Mankiw's students want reality with their economics

Discussion in 'Economics' started by Covertibility, Nov 3, 2011.

  1. Did they teach you to never help anyone?
     
    #31     Nov 4, 2011
  2. They taught me to help myself, my family and my friends. For anyone outside of those groups, if there is some mutual benefit to my helping you, either immediately or in the longer-term, I'm happy to help. Otherwise, your problems mean nothing to me and, to the extent that you desire to utilize the fruits of my labor to solve your problems, you become my enemy. It's not all that complicated.
     
    #32     Nov 4, 2011
  3. so some people just have more friends than you do
     
    #33     Nov 4, 2011
  4. Great. Let them all get together and help each other without my involvement, then.

    I'd rather help stray animals than people. At least the animals have the common decency to show appreciation, unlike the perpetual handout seeking scum of humanity.
     
    #34     Nov 4, 2011
  5. I think there is a good argument that if you are prepared to keep up with it and read papers, that the internet and discussion forums can provide as good if not a better education than universities now.

    ET for example has professionals who you can discuss things with and often papers are posted here.
    ---------------------------------------------------


    Morgan.... While I an not one to subscribe to Thomas Hobb's," Leviathan" theory that all humans are in by nature, Barbarians; I wil say that ET, for a lack of better terms, is a FUCKING JOKE.

    Very few "Professionals" on this site, far more Fools than anything.

    I think you should turn your attention to a list I belong to but have not contributed for some time. The Speculators list. I think this may wet your lips for true "Professional" insight and discourse. It use to be a private list that you needed to be invited to but I think it's open now.

    I agree with you that if you read and do research as if your still at university, (Which is what I continue to do) you can definitely educate yourself. However, I attended both Loyola and University of Chicago's MBA school. I can tell you, bar none, that you will not get the same education through 'Self Awareness" and "Self Study". I'm not saying that you can't educate yourself and keep up with theory. However, you still miss a huge portion of "Education" among your peers, among professors, round table discussion that go further than your typical Starbucks meetup.

    FYI, I'm a drop out of the UofC program. Not because the education was not worth it but because an opportunity came my way and I knew in my soul that I would never work for a "Corporation", like my fellow students who did graduate. I choose to learn business, markets and Private Equity among gifted, successful professionals willing to teach me what they know.

    I have dealt with Harvard, North Western, UofC, U Penn MBAs during my years in the Private Equity World. I can also tell you Harvard was at the bottom of the barrel in terms of comprehension beyond "Text" book deals but they, were by far, the first to let you know they had a "Harvard" MBA.
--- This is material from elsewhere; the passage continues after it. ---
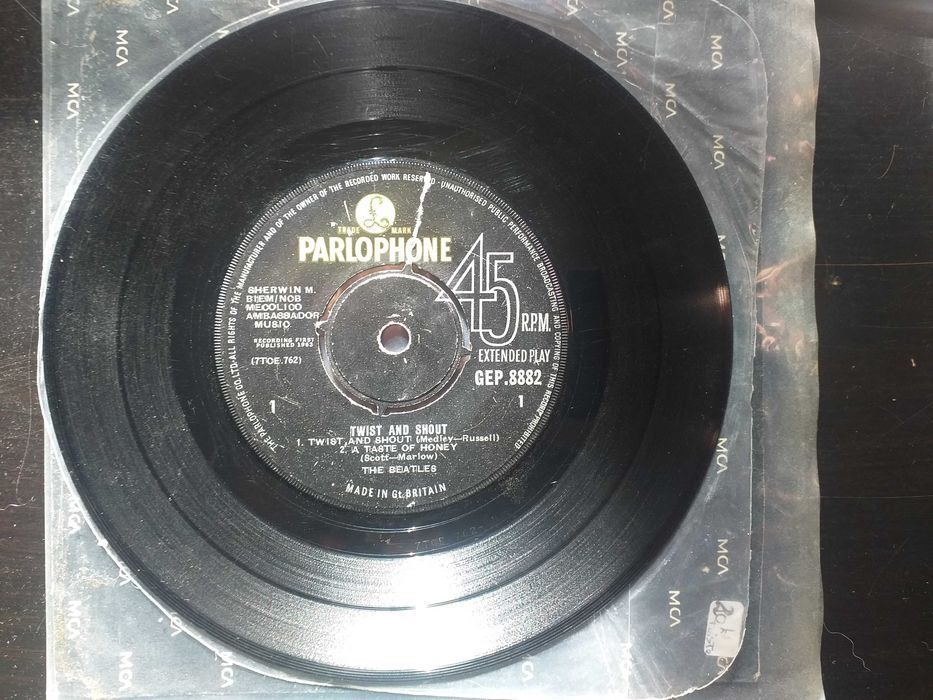 Singles Beatles originais UK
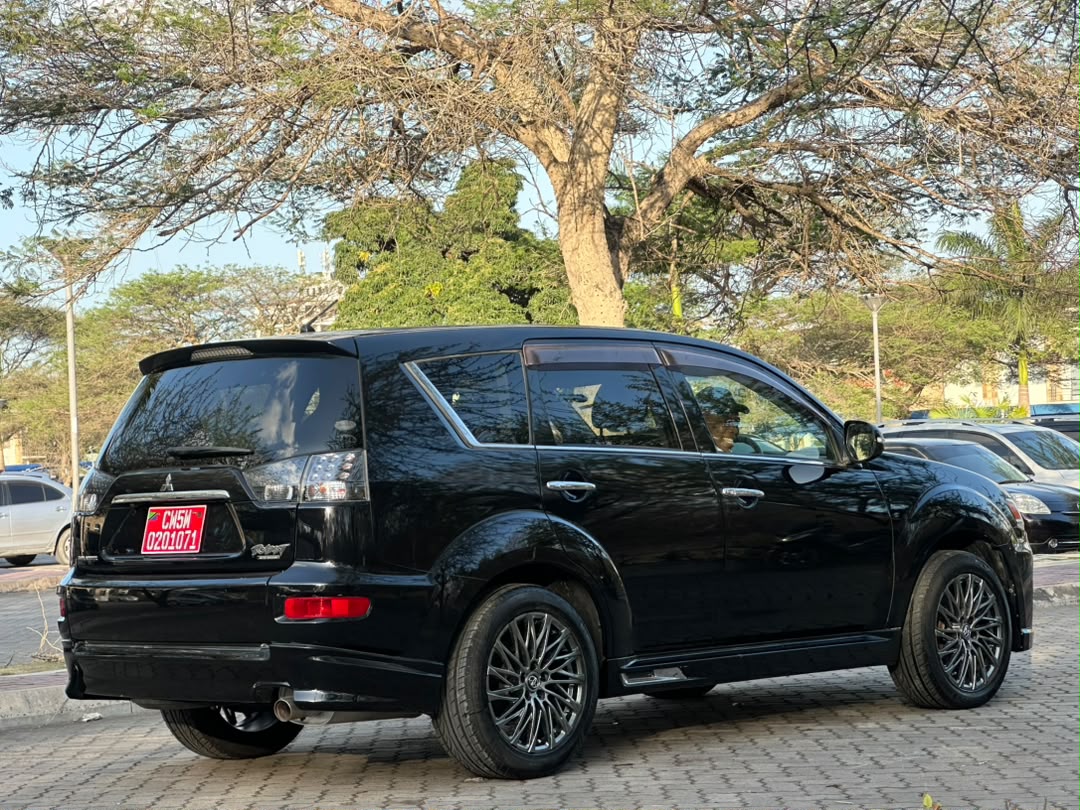 MITSUBISHI OUTLANDER ROADEST thumbnail 7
    The others, never mentioned their MBA's up front. They rolled with the punch's and rolled up their sleeves. At the end of the day, when all was done, drinks and conversation brought out "Where we all went to school".

    I have very little Respect for Harvard Grads passed the class of 1950.
     
    #35     Nov 4, 2011
  6. great, so we agree, econ 101 should cover the theory of creating wealth to help your friends and animals
     
    #36     Nov 4, 2011
  7. Aside from the murderous consequences of marxism, I have little interest in either marxist or austrian economics from an intellectual perspective for the same reason: lots of grandiose 'laws' and 'theories', with little empirical work done and zero chance being practical in any way; Both belong in history departments, no economics.

     
    #37     Nov 4, 2011
  8. Instead, we found a course that espouses a specific—and limited—view of economics that we believe perpetuates problematic and inefficient systems of economic inequality in our society today.

    Perhaps that is all they know. If not, then perhaps that is all they are allowed to profess, ya know professors have bosses too!.

    You'd think everything they need to know about economics is when they failed to read before they sign on the dotted line for da loan.
     
    #38     Nov 4, 2011
  9. MKTrader

    MKTrader

    Except the Austrians were spot-on about the housing bubble/financial crisis while the mainstream economists had no clue. Remember Bernanke saying the worst of sub-prime was over in mid-2007? What a joke.

    It's too bad economists turned into wannabe physicists around the time of Keynes. Their "empirical work" has little to no use in the real world, but they love to hide behind it. And of course, the quantitative esoterica allows them to do question-begging "analysis" where the desired outcome is reached.

    This should have stopped in the 70s when something that never was supposed to happen (stagflation) did in fact happen. However, it didn't stop them, and it got so bad that Krugman actually said "Alan Greenspan needs to create a housing bubble to replace the Nasdaq bubble" in 2003.
     
    #39     Nov 4, 2011
  10. morganist

    morganist Guest

    In the UK Austrian thinking is becoming the fall back free market theory in place of Monetarism due to the problems that the private debt levels are creating.